JDK-8252533 : Signal handlers should run with synchronous error signals unblocked
  • Type: Enhancement
  • Component: hotspot
  • Sub-Component: runtime
  • Affected Version: 16
  • Priority: P4
  • Status: Resolved
  • Resolution: Fixed
  • Submitted: 2020-08-29
  • Updated: 2020-11-10
  • Resolved: 2020-11-03
The Version table provides details related to the release that this issue/RFE will be addressed.

Unresolved : Release in which this issue/RFE will be addressed.
Resolved: Release in which this issue/RFE has been resolved.
Fixed : Release in which this issue/RFE has been fixed. The release containing this fix may be available for download as an Early Access Release or a General Availability Release.

To download the current JDK release, click here.
JDK 16
16 b23Fixed
Related Reports
Blocks :  
Relates :  
Relates :  
Relates :  
Description
This is a continuation of JDK-8065895 [1].
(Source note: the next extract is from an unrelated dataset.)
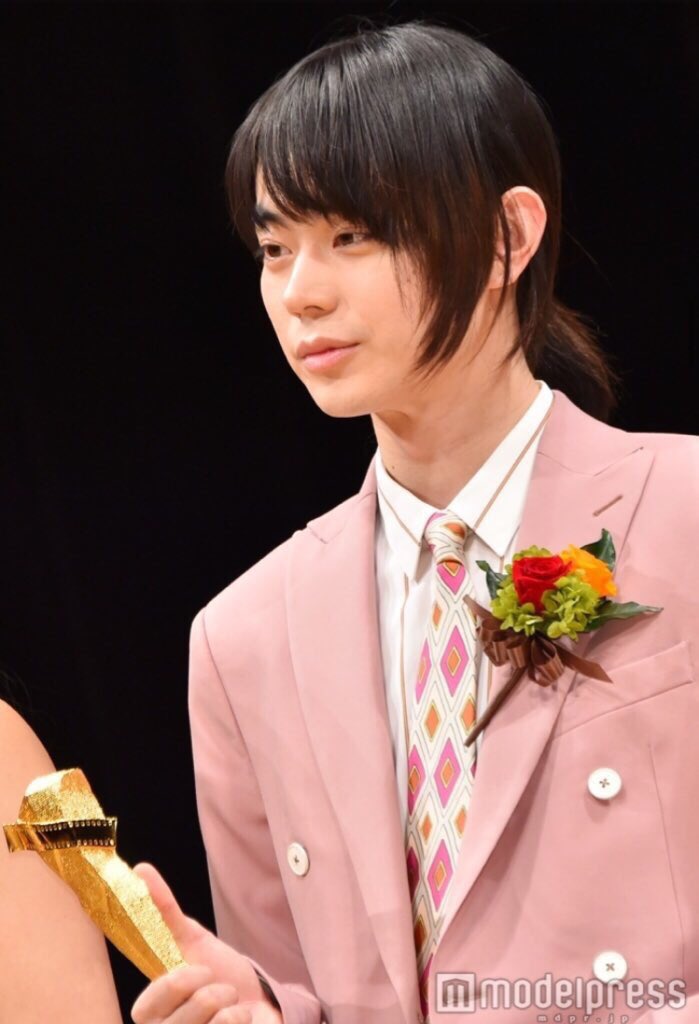 ZroMw_mw's tweet photo. 好きな菅田将暉さん、全部お姫様すぎる https://t.co/NqAn0hxfat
When a signal happens which cannot be deferred (SIGFPE, SIGILL, SIGSEGV, SIGBUS) but whose delivery is blocked, bad things happen. This is undefined territory, and we have observed the following cases:

- on Linux, the default handler is invoked instead of the user handler, which in case of error signals causes the process to core immediately.
- on AIX and PASE both, the process just becomes unresponsive and hangs.
- on HPUX - one of our internal platform - the process just vanishes without a trace.
I did not test other platforms but would guess similar things happen there.

Posix documentation [4] states:
"If any of the SIGFPE, SIGILL, SIGSEGV, or SIGBUS signals are generated while they are blocked, the result is undefined, unless the signal was generated by the kill() function, the sigqueue() function, or the raise() function."

At the moment, undeferrable error signals are unblocked outside the signal handler (see hotspot sigmask) and, since JDK-8065895, inside the error handler (see crash_handler setup). This leaves us with a window where the hotspot signal handler runs but before he has decided to invoke fatal error handling. Inside that window, for any platform but AIX error signals are still blocked. So any crash inside them tears down the VM immediately without giving us a useful hs-err file. 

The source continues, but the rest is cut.